─── Given data ───
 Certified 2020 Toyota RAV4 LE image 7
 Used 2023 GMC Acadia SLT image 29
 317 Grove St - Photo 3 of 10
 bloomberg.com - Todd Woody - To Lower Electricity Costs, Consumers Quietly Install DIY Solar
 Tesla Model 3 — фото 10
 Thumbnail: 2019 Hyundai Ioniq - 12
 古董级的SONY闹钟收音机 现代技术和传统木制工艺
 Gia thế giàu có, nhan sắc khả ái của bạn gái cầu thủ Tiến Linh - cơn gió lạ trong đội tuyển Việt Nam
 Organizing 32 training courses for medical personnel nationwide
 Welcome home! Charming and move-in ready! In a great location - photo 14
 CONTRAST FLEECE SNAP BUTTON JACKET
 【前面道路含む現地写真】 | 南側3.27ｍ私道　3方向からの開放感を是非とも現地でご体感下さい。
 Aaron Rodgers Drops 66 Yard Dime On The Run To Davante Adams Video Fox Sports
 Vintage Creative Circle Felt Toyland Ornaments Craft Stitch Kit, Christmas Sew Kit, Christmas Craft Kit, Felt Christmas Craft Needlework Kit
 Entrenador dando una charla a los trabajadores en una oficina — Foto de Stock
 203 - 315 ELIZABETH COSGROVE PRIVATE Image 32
───
Give back the line containing "Vintage Creative Circle" and all the lines after it through the end of the records, unchanged.

 Vintage Creative Circle Felt Toyland Ornaments Craft Stitch Kit, Christmas Sew Kit, Christmas Craft Kit, Felt Christmas Craft Needlework Kit
 Entrenador dando una charla a los trabajadores en una oficina — Foto de Stock
 203 - 315 ELIZABETH COSGROVE PRIVATE Image 32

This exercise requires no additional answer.